* What is needed *
Transcribe all of the data exactly. Images stay out.

[Stored items]
■ ■ ■

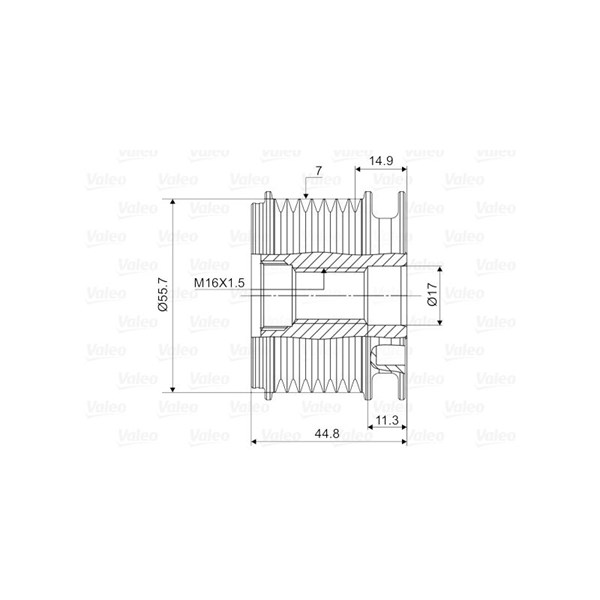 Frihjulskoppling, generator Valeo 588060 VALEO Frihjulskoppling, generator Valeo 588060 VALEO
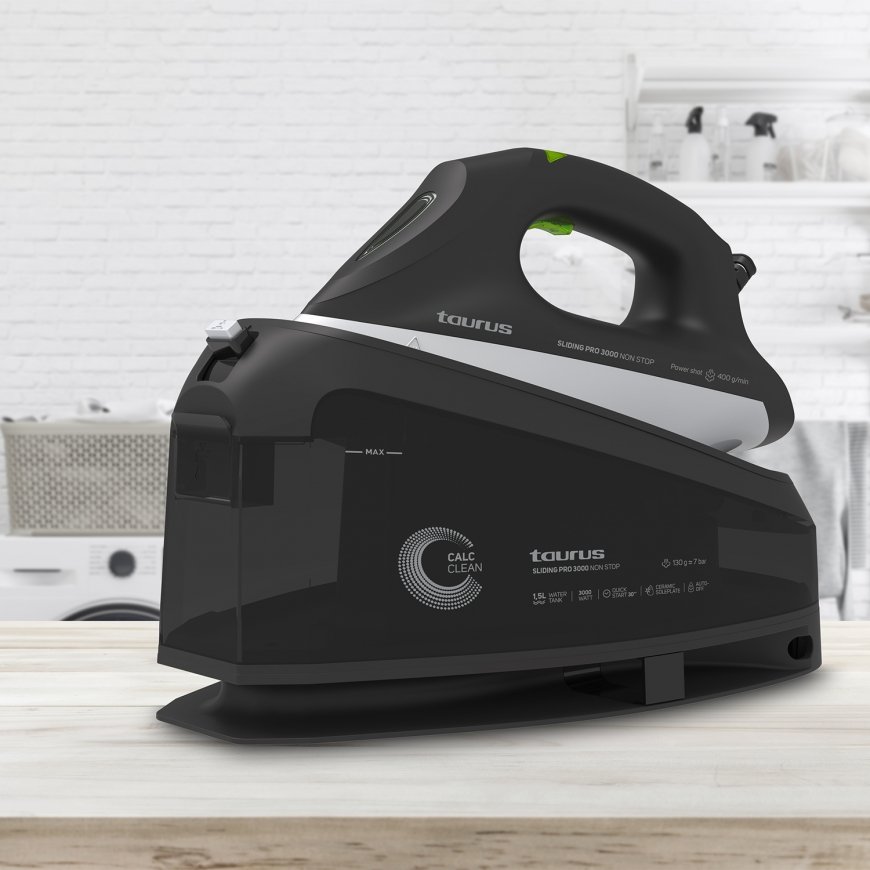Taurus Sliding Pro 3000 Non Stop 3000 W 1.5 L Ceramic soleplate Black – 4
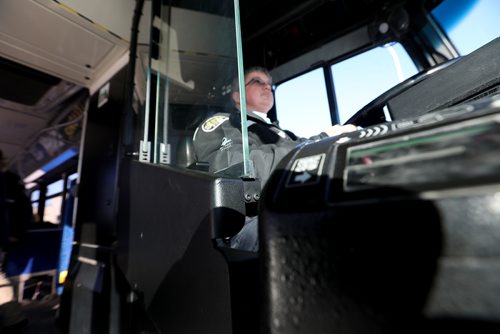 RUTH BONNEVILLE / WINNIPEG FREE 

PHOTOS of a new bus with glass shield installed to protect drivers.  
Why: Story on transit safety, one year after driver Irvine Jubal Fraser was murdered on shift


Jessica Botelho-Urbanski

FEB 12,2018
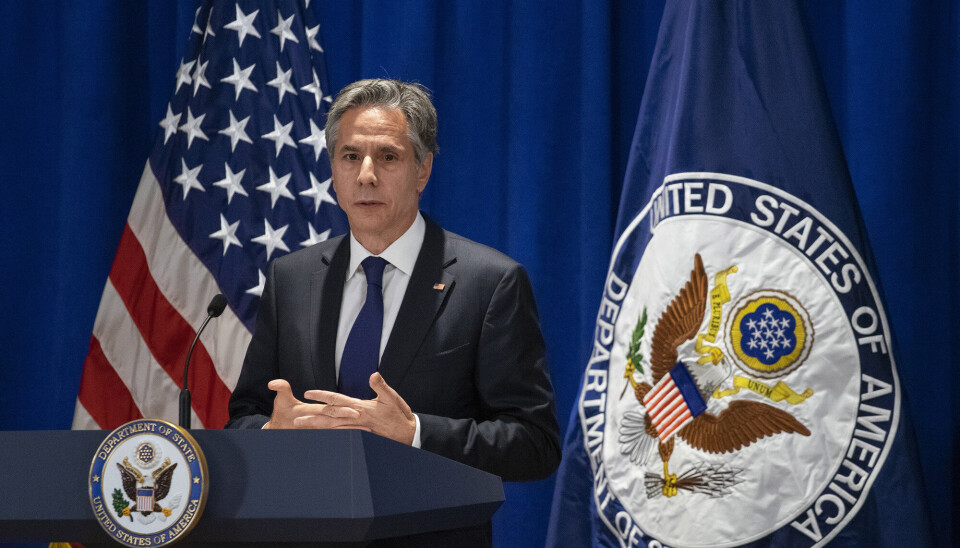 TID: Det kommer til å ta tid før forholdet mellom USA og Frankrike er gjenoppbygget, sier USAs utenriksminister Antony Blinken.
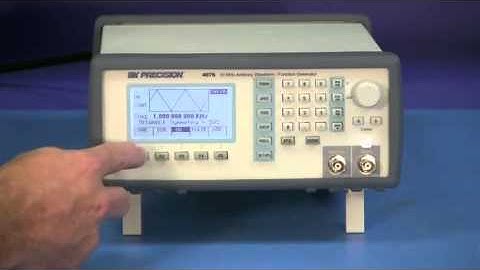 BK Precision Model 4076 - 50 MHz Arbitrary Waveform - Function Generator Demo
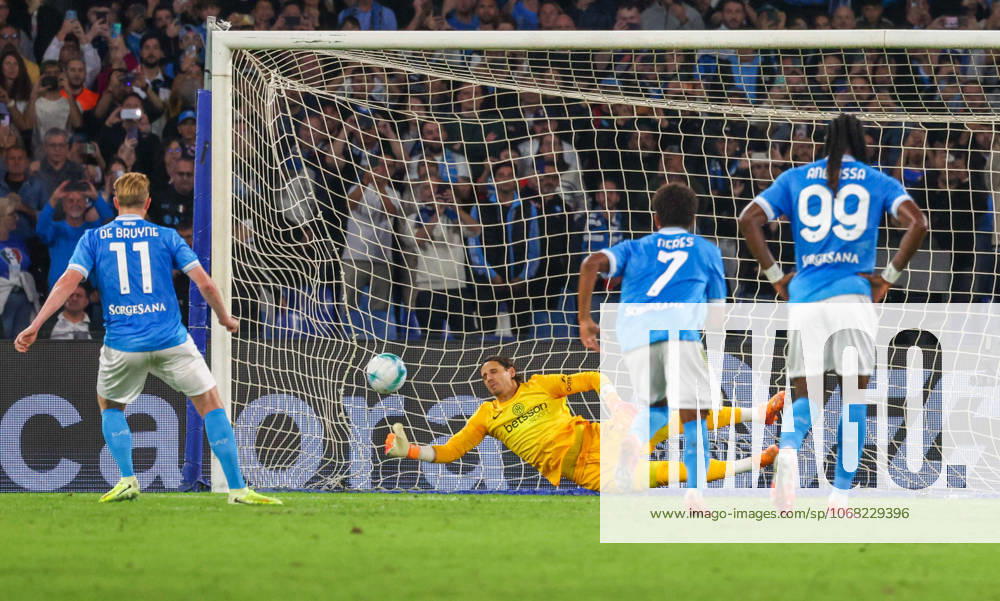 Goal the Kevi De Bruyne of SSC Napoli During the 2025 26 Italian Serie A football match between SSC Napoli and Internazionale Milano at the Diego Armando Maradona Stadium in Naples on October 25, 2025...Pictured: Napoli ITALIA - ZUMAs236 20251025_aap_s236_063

■ ■ ■

* Task answer *
 Frihjulskoppling, generator Valeo 588060 VALEO Frihjulskoppling, generator Valeo 588060 VALEO
Taurus Sliding Pro 3000 Non Stop 3000 W 1.5 L Ceramic soleplate Black – 4
 RUTH BONNEVILLE / WINNIPEG FREE 

PHOTOS of a new bus with glass shield installed to protect drivers.  
Why: Story on transit safety, one year after driver Irvine Jubal Fraser was murdered on shift


Jessica Botelho-Urbanski

FEB 12,2018
 TID: Det kommer til å ta tid før forholdet mellom USA og Frankrike er gjenoppbygget, sier USAs utenriksminister Antony Blinken.
 BK Precision Model 4076 - 50 MHz Arbitrary Waveform - Function Generator Demo
 Goal the Kevi De Bruyne of SSC Napoli During the 2025 26 Italian Serie A football match between SSC Napoli and Internazionale Milano at the Diego Armando Maradona Stadium in Naples on October 25, 2025...Pictured: Napoli ITALIA - ZUMAs236 20251025_aap_s236_063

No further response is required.